With Liddell out, the Buckeyes finished 40 percent from the field, 29 percent from 3 and were outrebounded 36-34 by a Horizon League team. The Vikings bodied the Buckeyes 34-22 in the paint.
This coming from a team that scored 56 points alone in the second half against Notre Dame.
It’s unknown exactly when the Illinois native will return but even if Sunday was the only game he’ll sit out, the lackluster performance from pieces around him doesn’t bode well for Ohio State when it starts Big Ten play Wednesday.

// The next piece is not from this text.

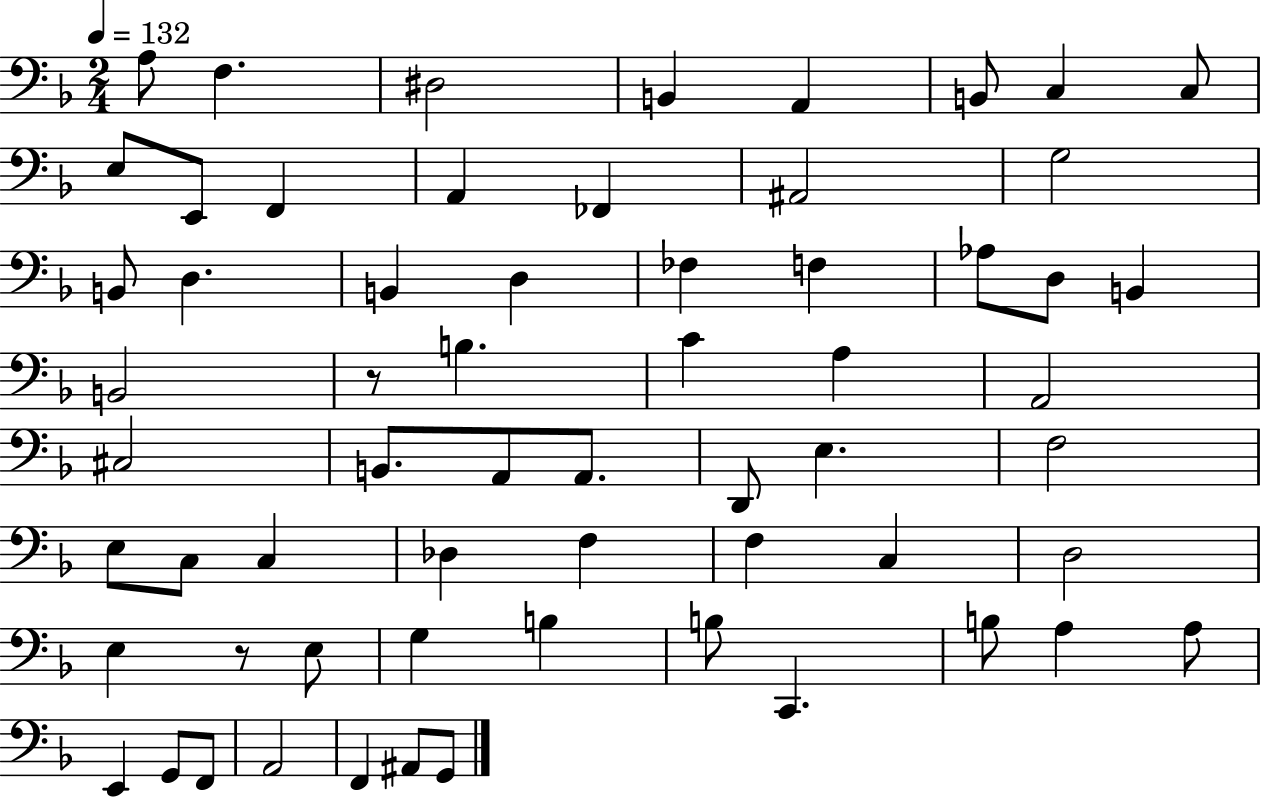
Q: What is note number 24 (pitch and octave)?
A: B2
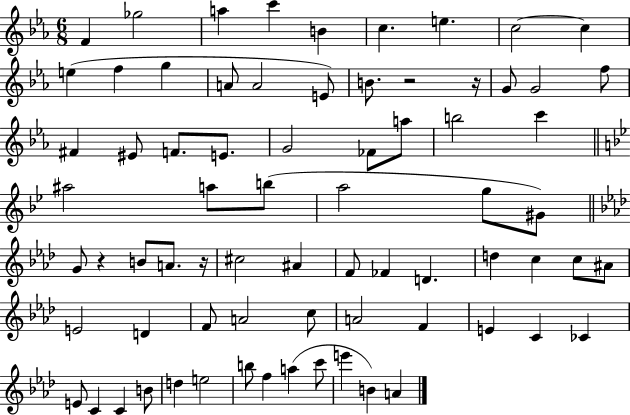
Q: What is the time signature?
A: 6/8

Washington, Walker, Sueing and company still have work to do to address their and the team’s weaknesses.
“We didn’t play with enough force, generally,” Holtmann said. “We just did not play with enough force. The reasons for that, [I’ve] gotta go back and watch the tape. Give Cleveland State credit for that to some degree. But we clearly have to be better.”
Ohio State heads to Purdue for a 7 p.m. tip Wednesday.